For the last two decades, traditional and digital media have been locked in a battle over advertising dollars. Recent evidence suggests David is now Goliath. For the first time, advertisers will spend more on digital advertising than on traditional media such as TV, radio and newspapers.

This shift won’t surprise anyone in the industry. But advertising isn’t a zero-sum game, and there’s still quite a bit of room for TV. We need to talk more about the much bigger change happening underfoot that will deliver better advertising effectiveness and stronger brand growth across all media.

To understand where we’re heading, it helps to understand the seismic changes in the industry. When digital advertising emerged in the late 90’s, digital clients wanted a piece of the TV budgets. Just a couple of years ago, positions started to reverse, and it was the TV clients who asked for help in winning budgets earmarked for Facebook and YouTube.

At the same time, though, TV and digital began to acquire traits from each other.

Broadcast and cable TV networks know content. They live and die by it. In the past, brand marketers would fight over the shows in an upfront package. All discussion centered on the audience composition of a specific program.

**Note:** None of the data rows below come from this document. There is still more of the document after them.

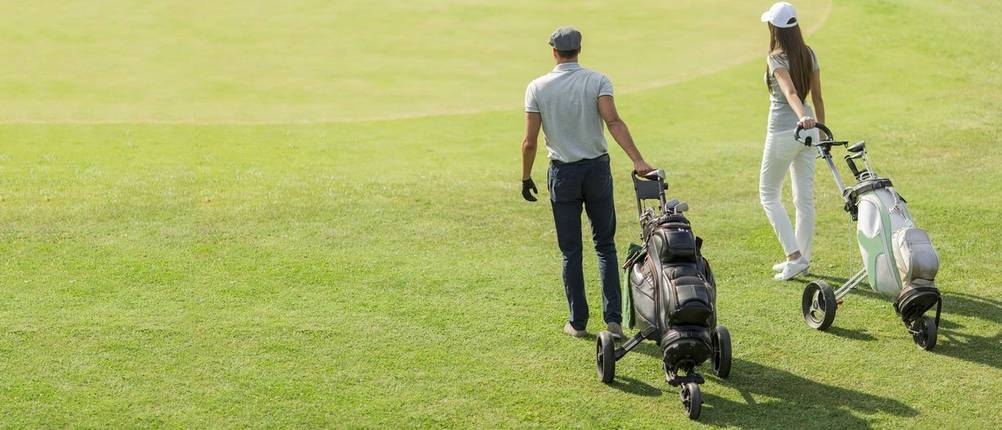 golf-trolley-art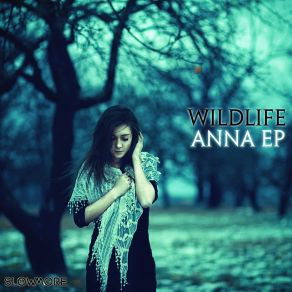 Download track Listen To Your Heart (Original Mix) Wildlife!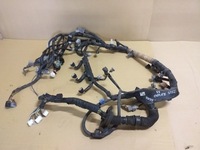 фото thumb №1, Lexus rx ii 400h джгут електропроводка двигуна 3,3 v6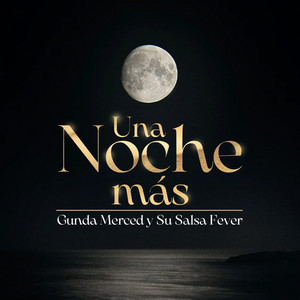 Imagem de Gunda Merced y Su Salsa Fever
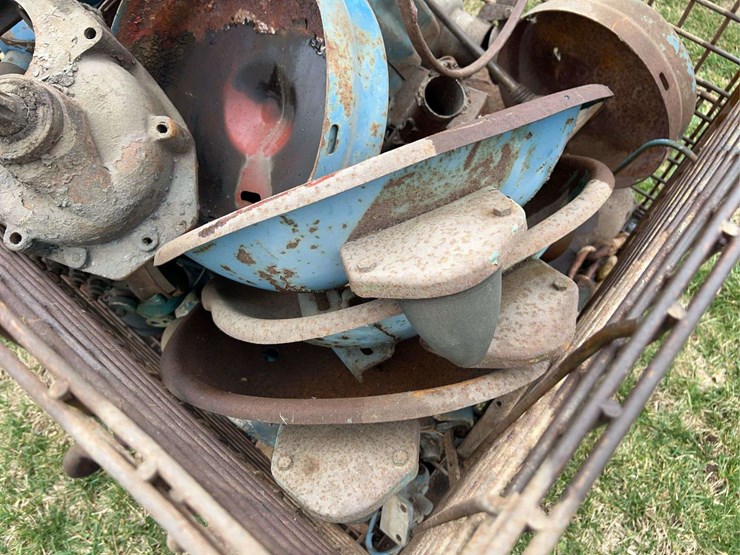 ford-tractor-image-7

But then digital came along and challenged that notion. It made finding the right audience based on specific criteria such as location, preferences and purchase intent possible.

Today – largely driven by the capabilities of digital – brand marketers care about finding and reaching their audience. But they also want to do so without giving up premium content. With addressable TV and OTT services, they’re now able to target specific consumers in TV content just as they do in digital.

Yet, however audiences are identified – by lifestyle, broad demographics or in-store purchase behavior – the conversation is shifting from content to audience. That’s why so many in the network world have created new platforms like Engage, Ignite, Audience Studio, Precision and Agility.

Both paradigms are right.

Viewers are still drawn to premium, long-form content or live sporting events. Just look at the continued loyalty to Netflix. In fact, TV shows remain the most viewed content. That’s why Netflix paid $100 million to keep the rights to stream episodes of Friends. And that was just for one year!

But audience is critically important. Brand marketers especially want the ability to reach specific consumers who are most likely to buy a product or service.

What this means is that the divide between the traditional linear TV ecosystem and the digital ecosystem is disappearing. Brand marketers still fight over the shows in an upfront package. But the difference today is that they also want to find and reach the right audience for their brand and – as consumers now have the ability to watch on any device, at any time and any place – anywhere their customers are.

It’s time to recognize that the real opportunity is in using both of these strategies together. That it’s no longer a zero-sum game.

When we approach brand objectives strategically using a combined lens – TV (content) and digital (audience) – we are better able to help clients target, optimize and measure the sales of their advertising and drive the growth of their brands. Even though the two seem at odds, better advertising results from using these strategies together.

The news today might be about David knocking Goliath, but the new frontier is a cross-platform approach to advertising that is seamless, consistent and personalized. This is the kind of experience consumers expect. It’s a new game, and it’s already underway.